Am Freitag beginnt vor dem Münchner Landgericht I der Prozess gegen Vlatko V., den mutmaßlichen Waffenschmuggler von der bayerischen Autobahn: Laut Anklage soll der 51-jährige verschuldete Gelegenheitsarbeiter aus Konik, dem Armenviertel der montenegrinischen Hauptstadt Podgorica, nicht nur gegen das Kriegswaffenkontrollgesetz verstoßen haben. Ihm wird auch die Vorbereitung einer schweren staatsgefährdenden Gewalttat vorgeworfen.
Waffenschmuggel im Bereich organisierter Kriminalität
Die Staatsanwaltschaft ist der Überzeugung, dass Vlatko V. mit seinem illegalen Waffentransport die IS-Terroristen bei ihren Anschlägen in Paris im vergangenen Jahr unterstützen sollte. Die Beweislage dafür gilt als eher dürftig – und beruht weitgehend auf einer Kausalität: Am 13. November 2015 ermordete ein islamistisches Terrorkommando in der französischen Hauptstadt in Restaurant, Cafés und dem Konzertsaal Bataclan 130 Menschen. Die Attentäter verwendeten dabei Sprengstoffgürtel und ähnliche Schnellfeuerwaffen, wie sie Vlatko V. eine Woche zuvor transportiert hatte.
Der Aufgriff auf der Autobahn bei Rosenheim war erst nach den Paris-Anschlägen bekannt geworden. Das Ermittlungsverfahren wurde zunächst auch ohne Terrorbezug geführt. Es handele sich um Waffenschmuggel im Bereich der organisierten Kriminalität, hieß es.
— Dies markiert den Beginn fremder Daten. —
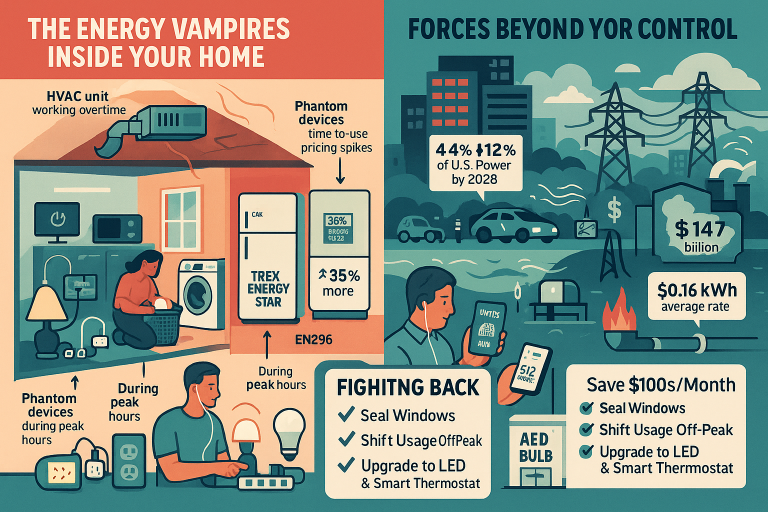 Why Is My Electricity Bill So High? The Hidden Truth Behind Rising Energy Costs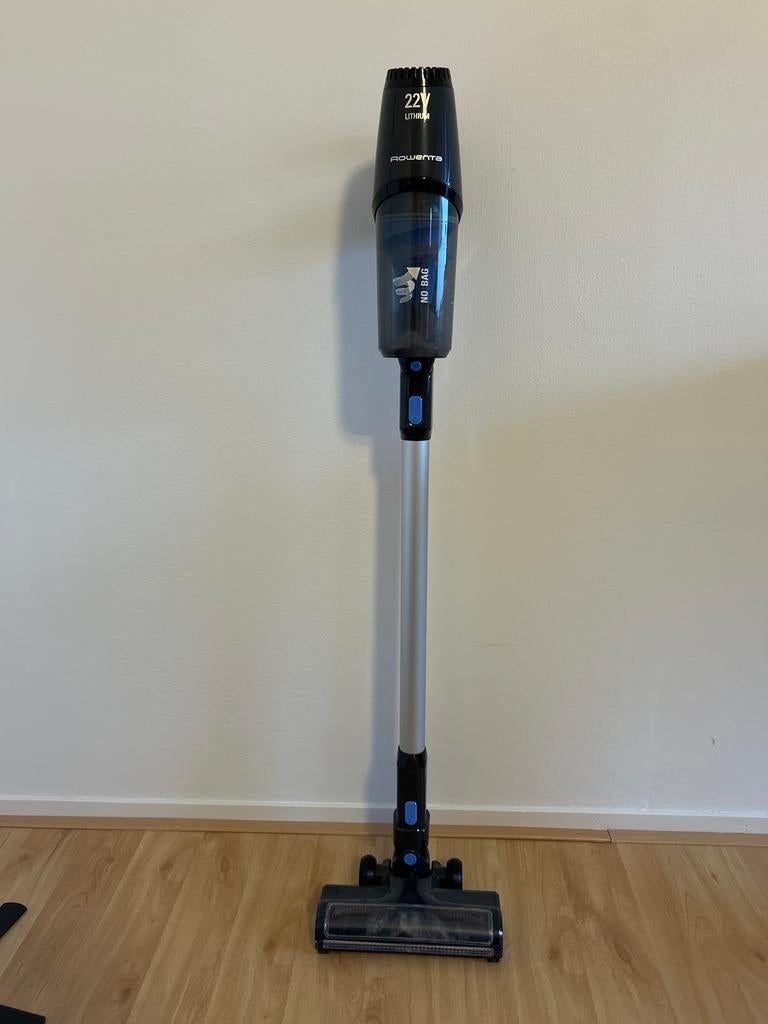 Rowenta Stofzuiger Draadloos RH6921WO, Stofzuiger, Ophalen of Verzenden, Zo goed als nieuw, Minder dan 1200 watt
Inzwischen aber geht die Staatsanwaltschaft davon aus, dass es einen Bezug zu Terrornetzwerken gibt. Als gesichert gilt, dass Vlatko V., der in Montenegro als Saisonarbeiter in Weinbergen jobbte und Spielschulden haben soll, den weißen VW Golf am 2. November 2015 in seiner Heimat gemietet hatte. Eine Woche später wollte er den Wagen angeblich wieder abgeben. Vlatko V. besorgte sich einen neuen Reisepass und begann seine Fahrt von Montenegro über Kroatien, Slowenienund Österreich bis nach Bayern, wo ihn die bayerischen Fahnder stoppten.
Ein öffentlicher Parkplatz als Zieladresse in Paris
Im Auto entdeckten die Polizisten ein GPS-Navigationsgerät. Darin eingespeichert war laut Anklageschrift eine Adresse in Paris. Darauf angesprochen gab Vlatko V. an, „den Eiffelturm in Paris besichtigen zu wollen“. Danach wolle er wieder die Heimreise antreten. Von den sichergestellten Waffen und Sprengmitteln habe er nichts gewusst. Die Pariser Zieladresse, die sich auch auf einem handschriftlichen Zettel im Mietwagen befand, lag allerdings weitab vom Eiffelturm: 7 Allée du Gros Chêne, Livry-Gargan. Dort, am nordöstlichen Stadtrand der französischen Hauptstadt, befindet sich keine Sehenswürdigkeit und auch kein Hotel. Es handelt sich um einen öffentlichen Parkplatz.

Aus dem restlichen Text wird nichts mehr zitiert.